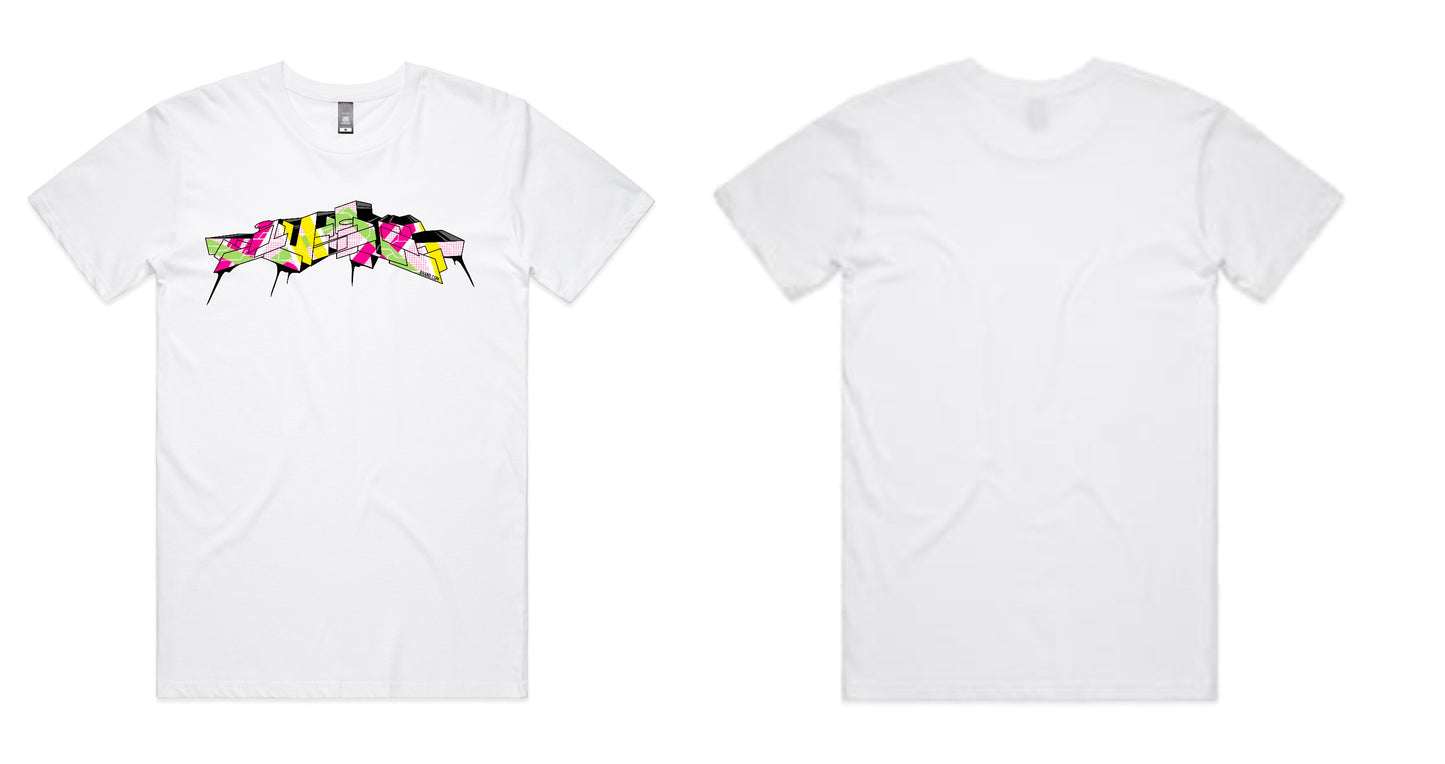 Graffiti logo - T-shirts, Singlets &Hoodies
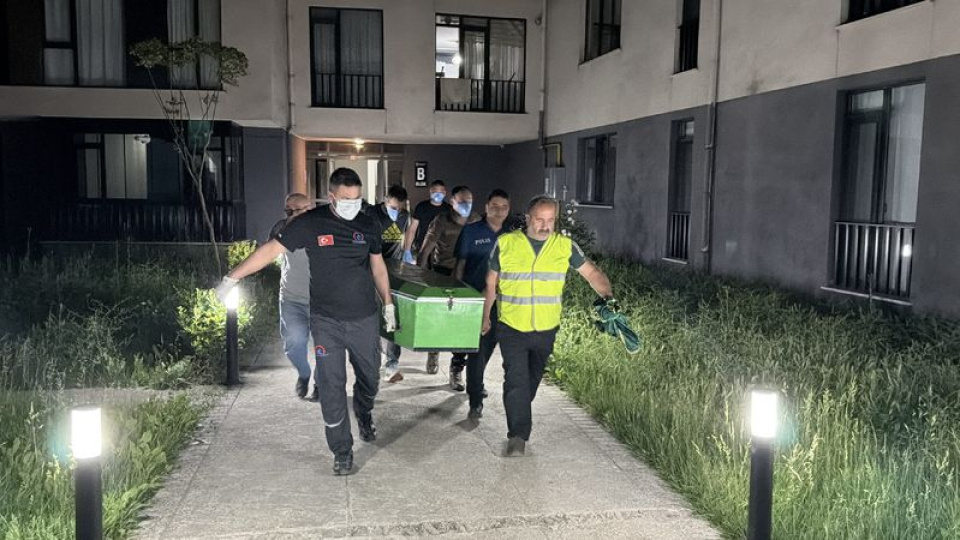 Kötü koku ihbarı sonucu cansız beden bulundu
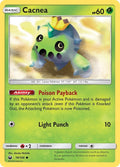 Image for Cacnea (19/168) (CES) - Pokemon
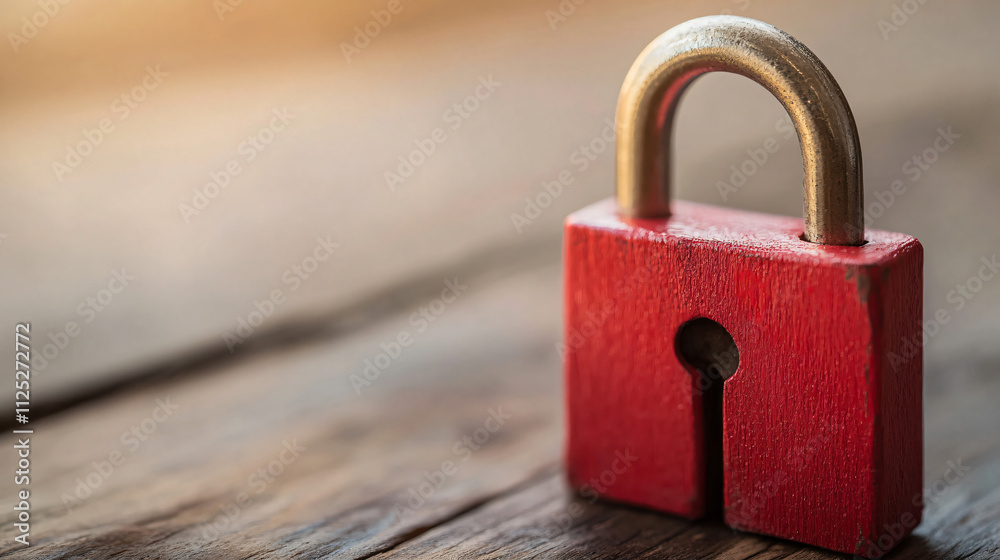 Fototapeta premium Implementing end-to-end encryption to secure data transmission across Industrial IoT devices and networks.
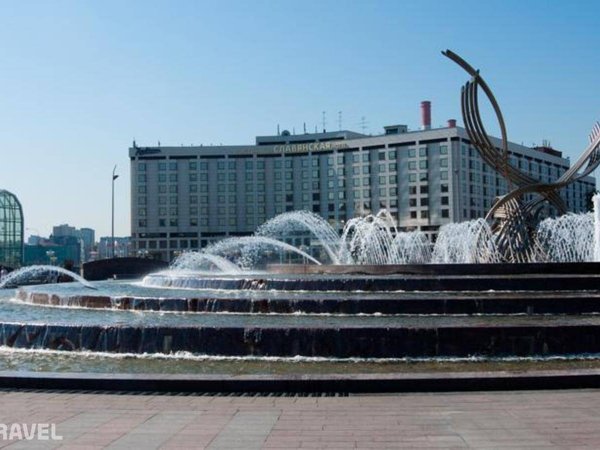 Radisson Slavyanskaya Hotel And Business Centre, Москва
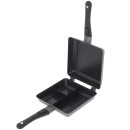 NGT Dynamic Grill - Sektionalpfanne mit Deckel und Griffen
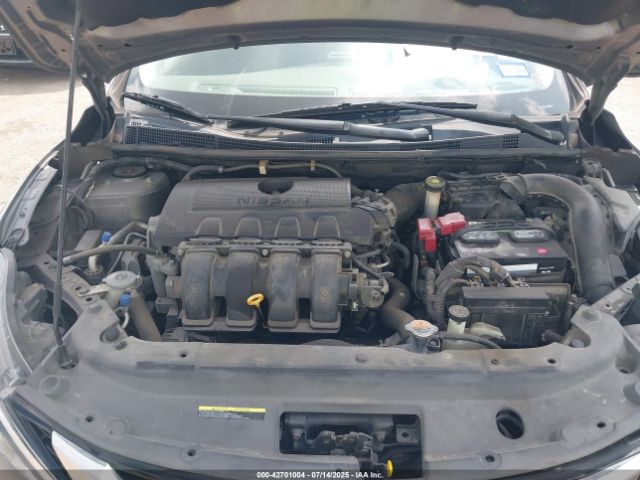2018 NISSAN SENTRA 3N1AB7AP1JY295090 Photo 9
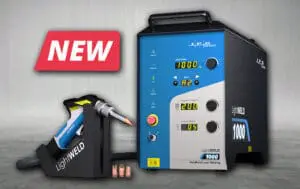 IPG LightWELD 1000 Launch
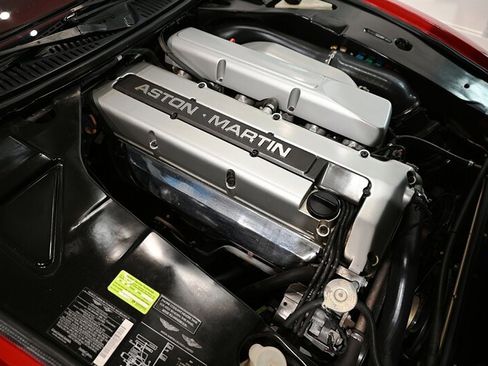 Used 1997 Aston Martin DB7 Volante image 27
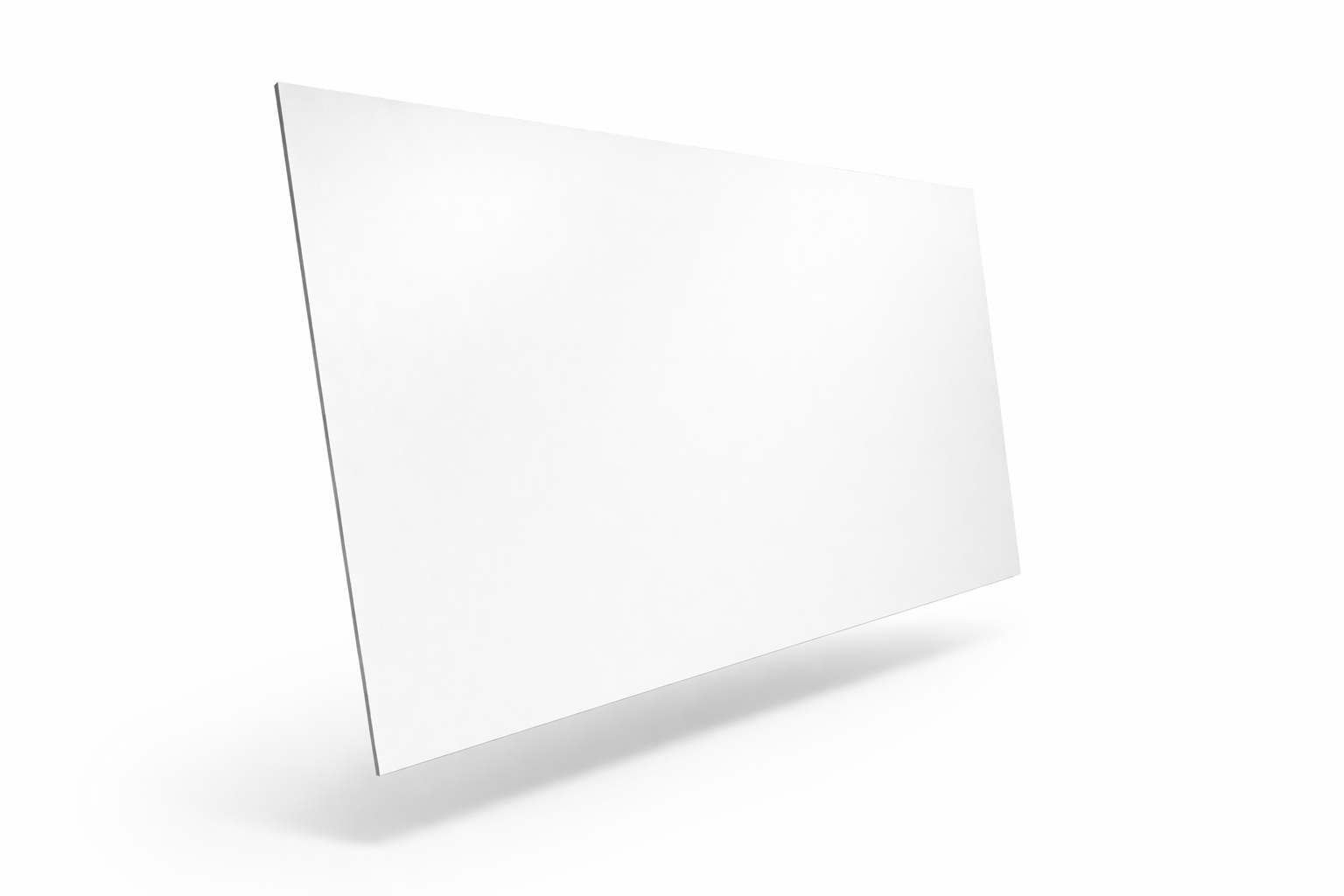 MATEL B21 - 1.50 M X 3.05 M X 3 MM - RAL9016 BLANC (B21) BLANC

◇ ◇ ◇

• **WHAT YOU WILL DO**
Give back, exactly as written, the lines from the top of the material through the line with "Fototapeta premium Implementing", ends included and pictures left aside.

• **RESULT BELOW**
 Graffiti logo - T-shirts, Singlets &Hoodies
 Kötü koku ihbarı sonucu cansız beden bulundu
 Image for Cacnea (19/168) (CES) - Pokemon
 Fototapeta premium Implementing end-to-end encryption to secure data transmission across Industrial IoT devices and networks.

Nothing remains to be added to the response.